Ordem - Os livros não se encontram dispostos em nossas Bíblias na
mesma ordem em que foram escritos. Além disso, os próprios fatos
narrados não seguem ordem cronológica, principalmente no livro de
Mateus.
Motivos – Os evangelhos foram escritos para responder aos
questionamentos da comunidade do primeiro século e também para combater
as mentiras dos inimigos a respeito de Jesus. Os apóstolos começavam a
morrer e tornava-se então imperioso que se registrassem suas memórias
sobre o Salvador. Além disso, existiram também os motivos particulares
de cada escritor, conforme veremos no estudo de cada livro.
FORMAÇÃO DOS EVANGELHOS SINÓTICOS
Sobre a formação de todos os evangelhos podemos considerar a seguinte
equação:
Fonte oral + fonte escrita + testemunho pessoal (em alguns casos) =
evangelho
Sobre os evangelhos sinóticos, existem várias sugestões do processo de
formação. Isto se deve às semelhanças observadas ntre Mateus, Marcos e
Lucas, o que leva a se supor que um tenha utilizado o escrito do outro,
ou que tenham tido acesso às mesmas fontes.
Uma das principais hipóteses das fontes apresenta o evangelho de Marcos
como o primeiro a ser escrito. Além deste, haveria também uma fonte
denominada "Q", contendo relatos sobre a vida de Cristo. Mateus e Lucas
teriam então se utilizado do evangelho de Marcos e da fonte "Q" para
produzirem seus evangelhos. Teriam também usado material exclusivo.

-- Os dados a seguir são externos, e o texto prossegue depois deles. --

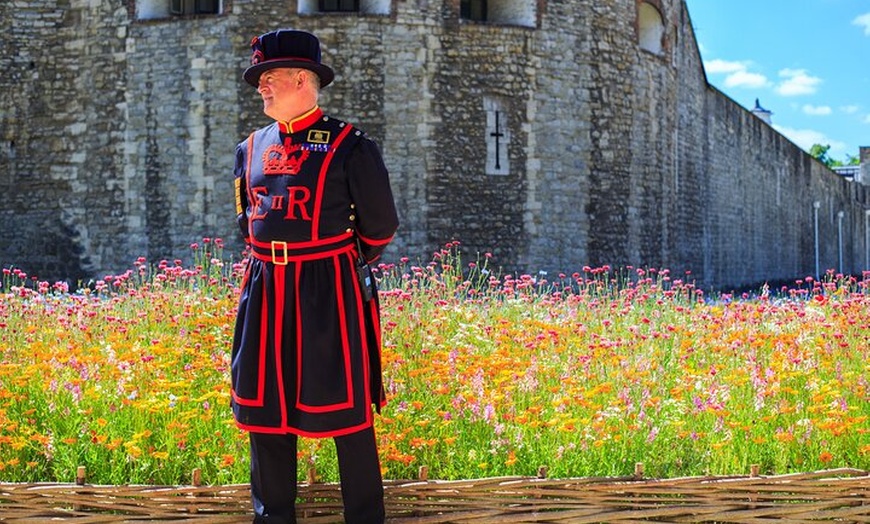 Image 10: Exclusive Beefeater Meet & Greet at the Tower of London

Mateus teria tido acesso a uma fonte "M" exclusiva e igualmente Lucas a
uma fonte "L".
Assim, os relatos comuns entre Mateus, Marcos e Lucas, seriam material
original de Marcos. Os relatos comuns entre Mateus e Lucas e
desconhecidos por Marcos seriam o conteúdo da fonte "Q". O material
exclusivo de Mateus seria da fonte "M" e o material exclusivo de Lucas
seria da fonte "L". Contudo, existem muitas dúvidas sobre a existência
dessas fontes (Q,M,L) e se elas seriam escritas ou orais. Sobre a fonte
"Q", por exemplo, existe a hipótese de que a mesma não tenha existido,
mas que todo esse material tenha sido transferido de Mateus para Lucas
ou vice-versa.
Marcos possui 678 versículos.
Mateus possui 1071 no total. Destes, 600 versículos correspondem
a 606 de Marcos, ou seja, Mateus faz as mesmas narrativas de modo quase
idêntico. Mateus possui 300 versículos exclusivos (M). Os outros 171
podem ter vindo da fonte "Q" e encontram semelhança com parte de Lucas.

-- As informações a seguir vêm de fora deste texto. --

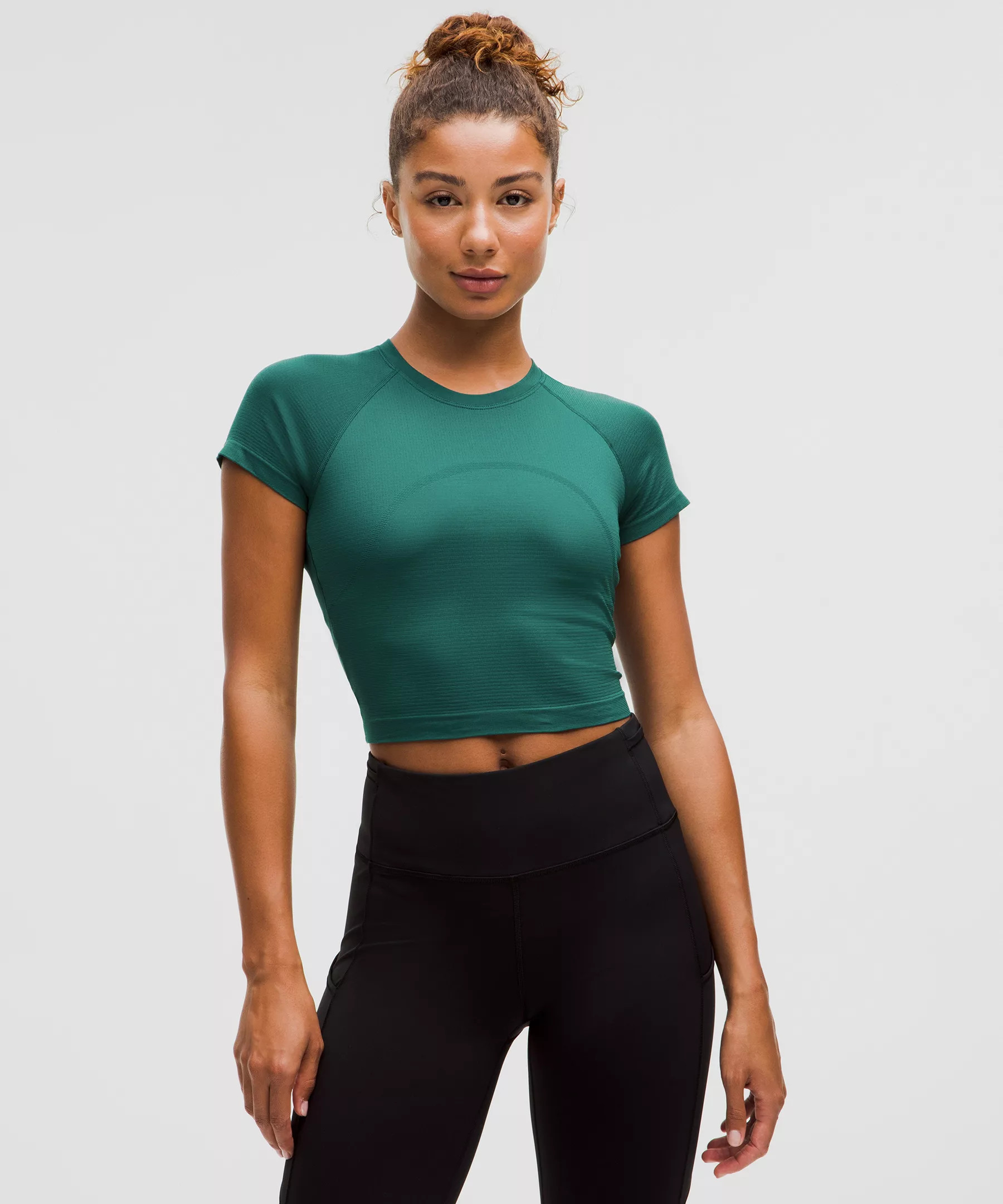 Swiftly Tech Cropped Short-Sleeve Shirt 2.0 | Women's Short Sleeve Shirts & Tee's | lululemon | lululemon (CA)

Lucas possui 1151 no total. Destes, 380 versículos correspondem a
280 de Marcos, ou seja, Lucas faz as mesmas narrativas de modo mais
extenso. Lucas possui 520 versículos exclusivos (L). Os outros 251 podem
ter vindo da fonte "Q" e encontram semelhança com parte de Mateus.
Isolando-se o material atribuído à fonte "Q", obtém-se um escrito
semelhante ao estilo profético do Velho Testamento. Seriam partes
referentes a João Batista, o batismo, a tentação, muitos ensinos, pouca
narrativa, e nada sobre a morte de Cristo.
PROPAGAÇÃO DO EVANGELHO E TIPOS DE EVANGELHO
Motivo, conteúdo e objetivo estão interligados. Motivo é o elemento que
impulsiona alguém para determinada ação. Objetivo é o que se espera
atingir ou realizar. No caso dos evangelhos, os motivos foram as
necessidades da comunidade, a carência de registros fidedignos sobre
Cristo. O objetivo maior é a salvação das almas. O evangelho é o "poder
de Deus para a salvação..." (Rm.1.16). A preposição "para" determina o
objetivo.
Precisamos questionar hoje os motivos que nos movem como pregadores do
evangelho. Nos dias de Paulo, foram observados motivos diversos
(Fil.1.15-19): inveja, contenda, boa mente e amor. Contudo, disse o
apóstolo, importa que o evangelho seja pregado. Isto porque, mesmo com
motivos errados, o objetivo pode, eventualmente, ser atingido, ou seja,
mesmo que alguém pregue por inveja muitos podem ser salvos, já que o
evangelho é o poder de Deus. Não obstante, o mau obreiro não ficará
impune. Poderá até mesmo ser alguém que ajudou a construir a arca mas
não entrou nela, ou como uma placa que aponta o caminho mas não o segue.
O problema torna-se maior quando aos motivos errados somam-se objetivos
estranhos ao evangelho. Então, o próprio conteúdo passa a ser deformado
a fim de atingir propósitos escusos ( 2Pd.2.1-3). Observa-se então o
surgimento de um "evangelho comercial", onde as pessoas são estimuladas
a fazerem negócios com Deus. Desse pensamento surge o "evangelho da
prosperidade", o qual deixa para segundo plano a questão da salvação das
almas e se dedica à salvação do orçamento. Toda benção material sempre
será bem-vinda. Contudo, não podemos fazer disso o propósito do
evangelho nem efeito essencial da sua eficácia. Zacarias profetizou
sobre Cristo, apresentando-o como um rei pobre, humilde e que vinha
montado em um jumentinho, quando o natural seria um rei rico montado num
elegante cavalo. Contudo, o profeta diz que o Messias é justo e
salvador. Eis aí o valor e o propósito do evangelho: justiça e salvação
(Zc.9.9). Cai no mesmo erro a Teologia da libertação, a qual interpreta
a salvação e a libertação oferecidas por Cristo como um rompimento das
opressões sociais.
Cabe a cada um de nós o zelo pelo evangelho bíblico e por seu legítimo
objetivo. Que não sejamos mercadores da palavra de Deus. É legítimo o
sustento aos que trabalham na obra de Deus. O erro consiste em fazer do
benefício pessoal a causa da obra. Igreja não é empresa. Ministério não
é profissão. Evangelho não é negócio.